■ **PROMPT**
Nothing but an exact copy is asked for: the lines in the material below from the one with "Savage Not Sorry" through the one with "Farmhouse Moroccan Design", pictures excluded.

Segment Start: DATA TO EXAMINE

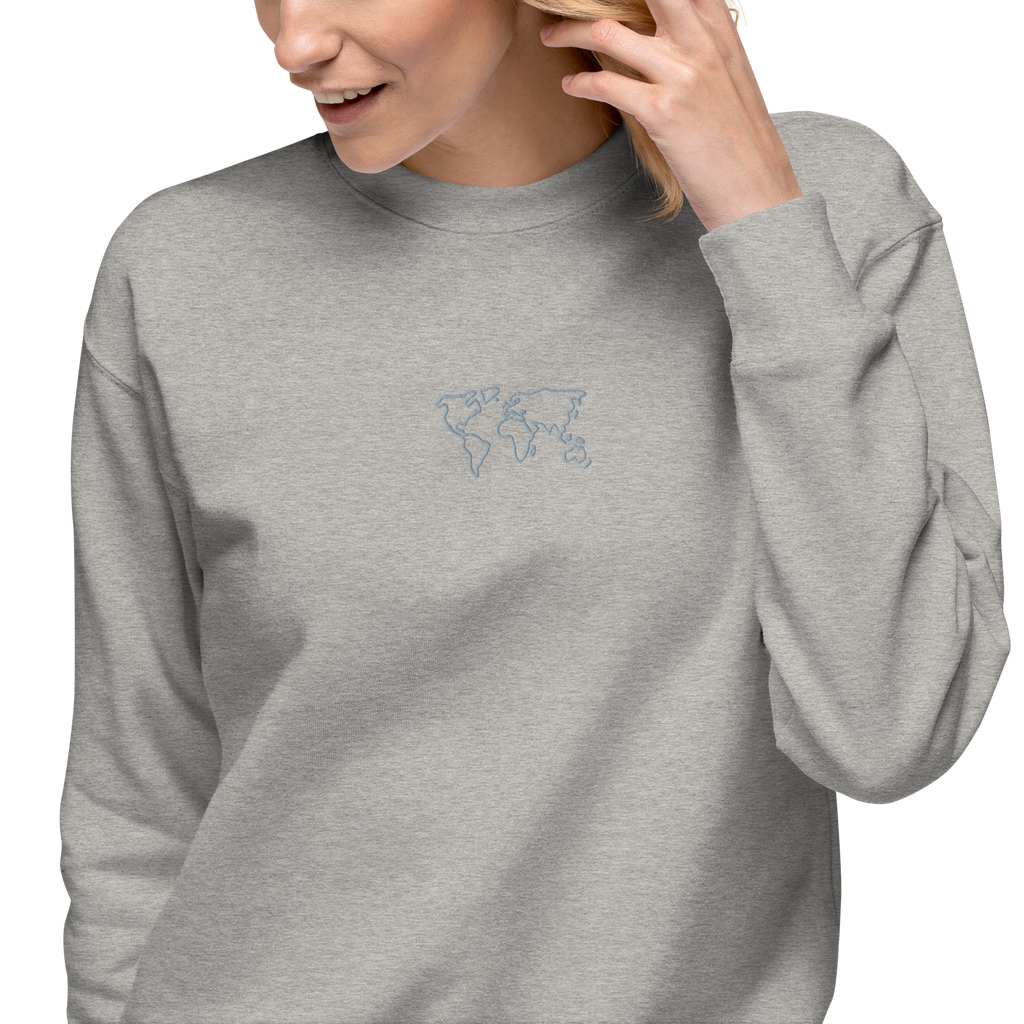 World Outline Sweatshirt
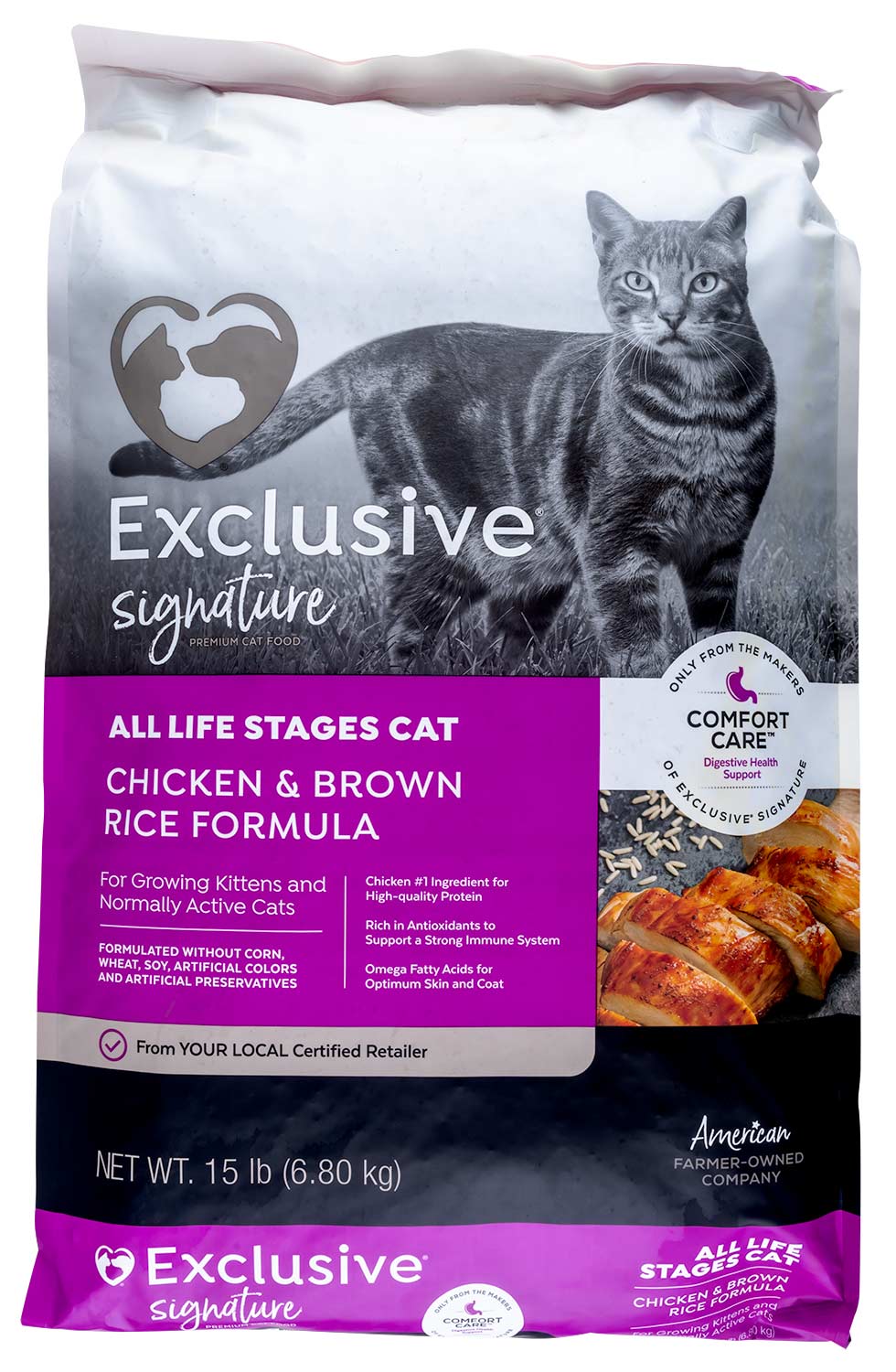 Purina Exclusive Cat Food Chicken Brown Rice Jeffers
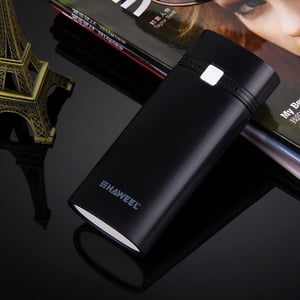 ABPWLY Dual Battery USB Power Bank DIY Case Mobile Charger Box Portable 5V 5600mAh External Shell for Cellphone Devices Without Battery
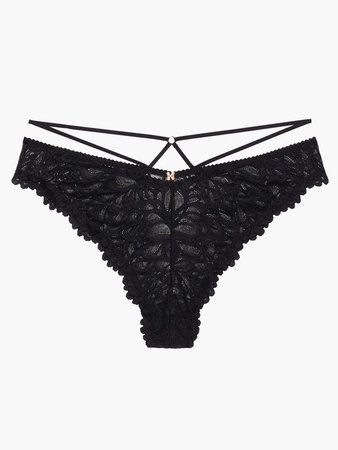 Savage Not Sorry Strappy Lace Brazilian in Black | SAVAGE X FENTY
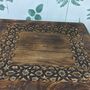 Farmhouse Moroccan Design Inspired Carved Side Table, thumbnail 5 of 7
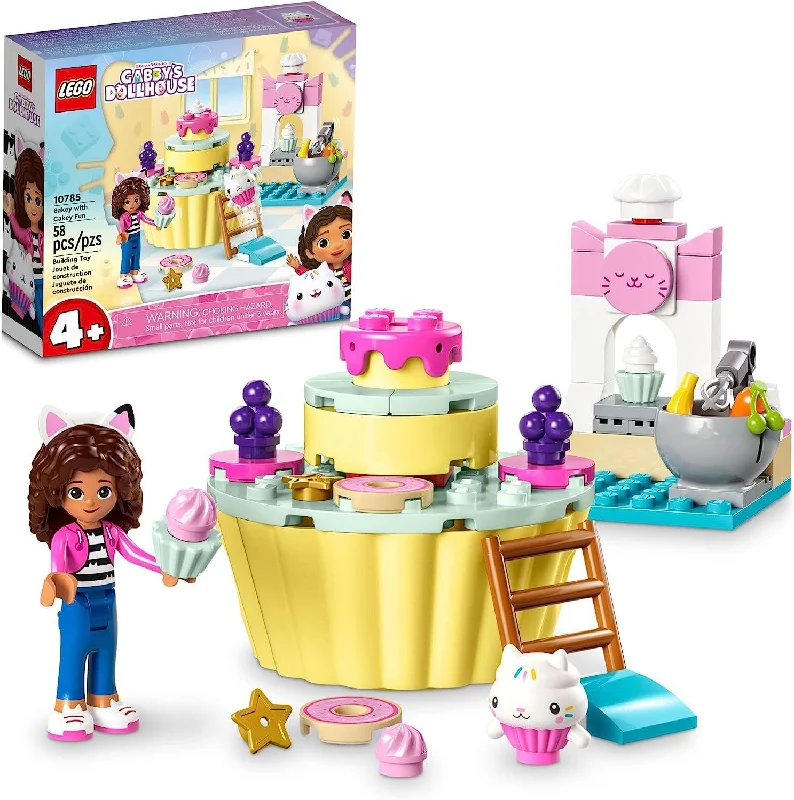 Transparent building blocks for creating see - through structures LEGO GABB'Y DOLLHOUSE 10785 Bakey with Cakey Fun Transparent building blocks for creating see - through structures LEGO GABB'Y DOLLHOUSE 10785 Bakey with Cakey Fun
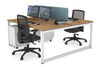Quadro Loop Legs 2 Person Office Workstation [1800L x 800W with Cable Scallop] - Thumbnail 26 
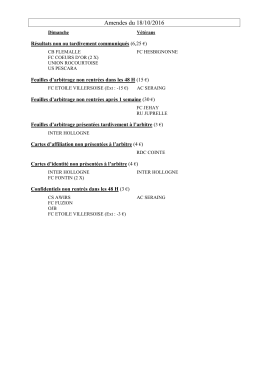 Amendes du 18/10/2016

Segment End: DATA TO EXAMINE

■ **OUTPUT OF THE EXERCISE**
 Savage Not Sorry Strappy Lace Brazilian in Black | SAVAGE X FENTY
 Farmhouse Moroccan Design Inspired Carved Side Table, thumbnail 5 of 7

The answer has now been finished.